A step-by-step guide to using retirement dollars to invest in mortgage notes and note funds — for tax-advantaged passive income, without the headaches of property ownership.

12 min read Updated June 2026

Yes — you can invest retirement dollars in mortgage notes. A self-directed IRA (SDIRA) lets you direct IRA capital into alternative assets like individual mortgage notes and mortgage note funds, which conventional IRA custodians typically don’t offer. Income from those notes flows back into your IRA, where it grows tax-deferred or tax-free depending on the account type.
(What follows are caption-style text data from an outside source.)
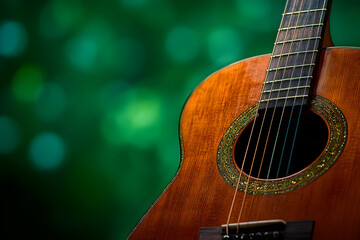 Obraz premium Detailaufnahme einer akustischen Gitarre in warmem Licht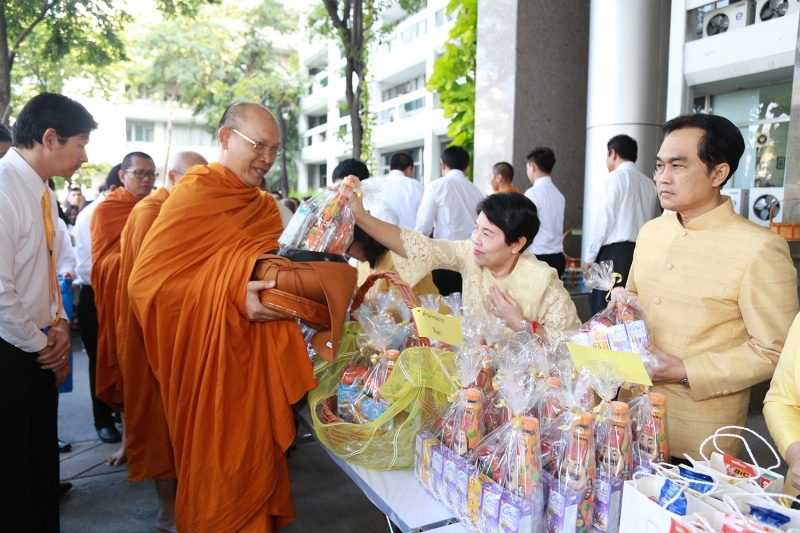 พิธีบำเพ็ญกุศลพระพุทธมนต์และทำบุญตักบาตร เพื่อน้อมอุทิศถวายเป็นพระราชกุศลแด่พระบาทสมเด็จพระปรมินทรมหาภูมิพลอดุลยเดช บรมนาถบพิตร 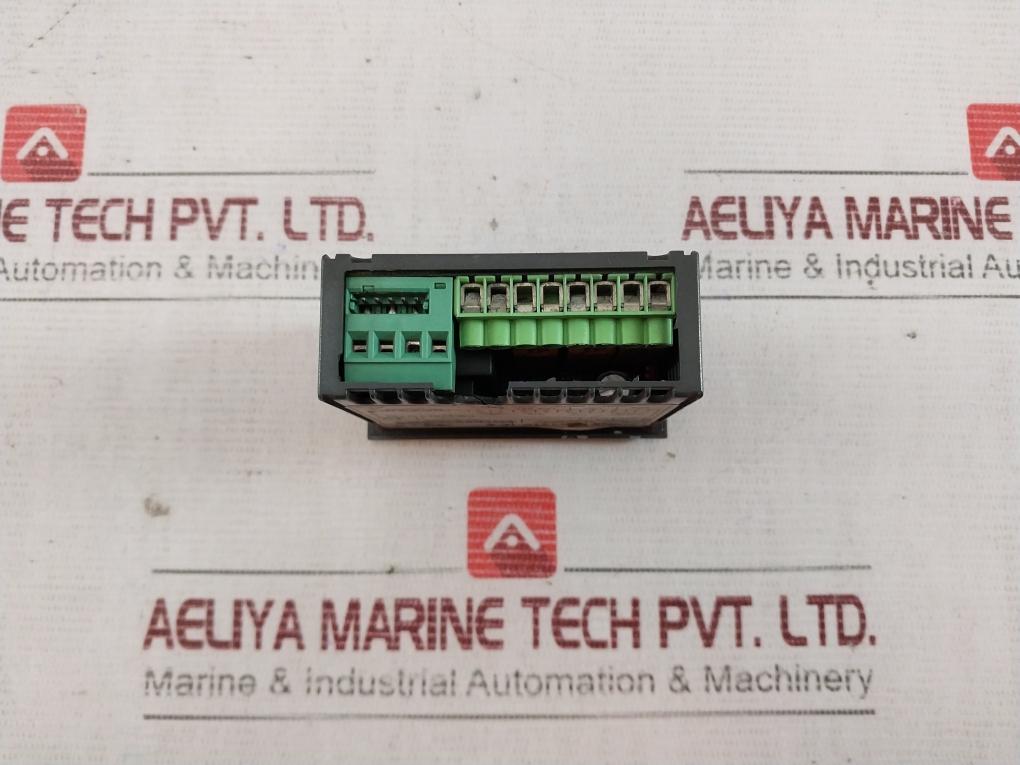 Dixell Xt121C Temperature Controller -5C0Tu- 3Va 230V 8(3)A 250V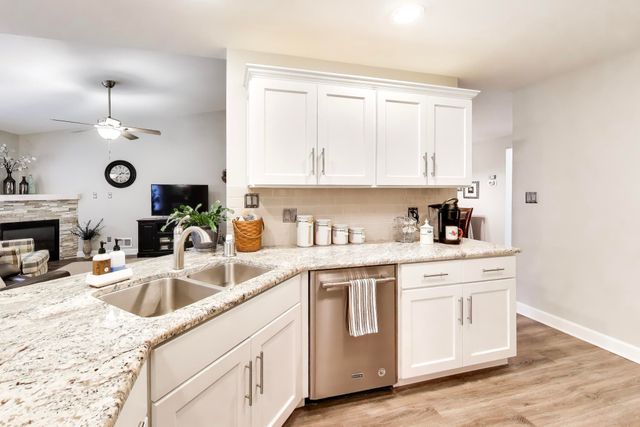 900-a Easy Street, Crown Point, IN 46307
This guide walks through exactly how the process works — choosing an account, picking a custodian, funding it, completing due diligence, and directing your first investment — plus the rules that keep your IRA in good standing.

Key Takeaways

  • A self-directed IRA can hold individual mortgage notes and mortgage note funds — assets most brokerage IRAs don’t allow.
  • You need an SDIRA custodian that permits alternative assets; the investment is titled in your IRA’s name, not your own.
  • Income flows back into the IRA — tax-deferred in a Traditional SDIRA, tax-free in a Roth SDIRA.
  • Prohibited-transaction and disqualified-person rules apply — you can’t personally benefit from the IRA’s assets.
  • A note fund with no fund-level leverage avoids UBIT/UDFI exposure, a key reason SDIRA investors favor unleveraged funds.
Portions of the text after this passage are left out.